═══ Stored data

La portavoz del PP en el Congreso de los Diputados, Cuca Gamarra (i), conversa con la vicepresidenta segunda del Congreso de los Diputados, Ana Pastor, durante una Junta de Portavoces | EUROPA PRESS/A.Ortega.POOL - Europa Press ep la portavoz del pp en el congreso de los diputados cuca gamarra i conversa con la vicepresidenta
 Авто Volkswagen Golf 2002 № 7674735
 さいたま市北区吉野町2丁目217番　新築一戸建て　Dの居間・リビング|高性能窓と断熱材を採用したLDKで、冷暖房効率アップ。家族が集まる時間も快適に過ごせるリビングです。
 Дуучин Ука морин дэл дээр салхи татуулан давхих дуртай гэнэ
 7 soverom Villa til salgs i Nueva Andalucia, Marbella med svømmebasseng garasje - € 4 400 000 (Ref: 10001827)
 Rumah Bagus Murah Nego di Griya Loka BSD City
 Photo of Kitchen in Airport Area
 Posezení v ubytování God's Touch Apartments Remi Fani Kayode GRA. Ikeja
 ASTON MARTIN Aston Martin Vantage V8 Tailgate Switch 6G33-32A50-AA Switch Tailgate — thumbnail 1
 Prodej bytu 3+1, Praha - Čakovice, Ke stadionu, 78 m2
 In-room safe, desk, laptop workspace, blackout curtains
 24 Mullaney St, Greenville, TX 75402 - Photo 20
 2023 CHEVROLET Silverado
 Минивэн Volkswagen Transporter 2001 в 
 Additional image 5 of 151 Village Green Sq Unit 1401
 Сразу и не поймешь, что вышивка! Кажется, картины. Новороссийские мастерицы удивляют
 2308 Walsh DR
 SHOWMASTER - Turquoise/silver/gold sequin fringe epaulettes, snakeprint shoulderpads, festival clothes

══════

Task prompt: Copy out the records once more, with nothing altered.

Answer:
La portavoz del PP en el Congreso de los Diputados, Cuca Gamarra (i), conversa con la vicepresidenta segunda del Congreso de los Diputados, Ana Pastor, durante una Junta de Portavoces | EUROPA PRESS/A.Ortega.POOL - Europa Press ep la portavoz del pp en el congreso de los diputados cuca gamarra i conversa con la vicepresidenta
 Авто Volkswagen Golf 2002 № 7674735
 さいたま市北区吉野町2丁目217番　新築一戸建て　Dの居間・リビング|高性能窓と断熱材を採用したLDKで、冷暖房効率アップ。家族が集まる時間も快適に過ごせるリビングです。
 Дуучин Ука морин дэл дээр салхи татуулан давхих дуртай гэнэ
 7 soverom Villa til salgs i Nueva Andalucia, Marbella med svømmebasseng garasje - € 4 400 000 (Ref: 10001827)
 Rumah Bagus Murah Nego di Griya Loka BSD City
 Photo of Kitchen in Airport Area
 Posezení v ubytování God's Touch Apartments Remi Fani Kayode GRA. Ikeja
 ASTON MARTIN Aston Martin Vantage V8 Tailgate Switch 6G33-32A50-AA Switch Tailgate — thumbnail 1
 Prodej bytu 3+1, Praha - Čakovice, Ke stadionu, 78 m2
 In-room safe, desk, laptop workspace, blackout curtains
 24 Mullaney St, Greenville, TX 75402 - Photo 20
 2023 CHEVROLET Silverado
 Минивэн Volkswagen Transporter 2001 в 
 Additional image 5 of 151 Village Green Sq Unit 1401
 Сразу и не поймешь, что вышивка! Кажется, картины. Новороссийские мастерицы удивляют
 2308 Walsh DR
 SHOWMASTER - Turquoise/silver/gold sequin fringe epaulettes, snakeprint shoulderpads, festival clothes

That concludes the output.